The documentary film, Beats of the Antonov, shot and directed by the Sudanese filmmaker Hajooj Kuka has won the People’s Choice Documentary Award at the 39th International Film Festival of Toronto in Canada.
On Sunday, the final day of the festival, the public in majority voted for the second Sudanese film ever screened at Toronto, to be awarded.
Kuka named his 65-minute documentary Beats of the Antonov as a play on words inspired by the sound of the Russian-made cargo planes that the Sudanese government uses to bomb villages in the Nuba Mountains and Blue Nile State.
Before he started the project, Kuka wanted to shoot a documentary about the trials of the people, who are living with constant danger and hunger during the new civil war in the southern part of Sudan. When he finished filming, he found that he had recorded a very different story about how the Nuba people -despite the aerial bombardments- can sing and dance their way out of these desperate times.

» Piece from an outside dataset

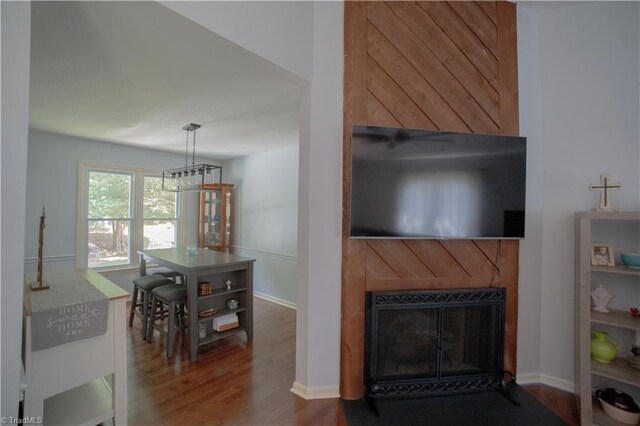 living room with a tile fireplace, wood finished floors, and baseboards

“Sudan eventually is going to become this great place, once we allow all these cultures to flourish and start celebrating them. And I really saw it in my film,” he told the press in Toronto after winning the award.
The Sudanese filmmaker hopes to show his film at other international festivals. The language of the film is Arabic, but he is certain that the people’s actions and their emotions in the documentary articulate the narrative. “The people in the film are the best promoters of Beats of the Antonov”.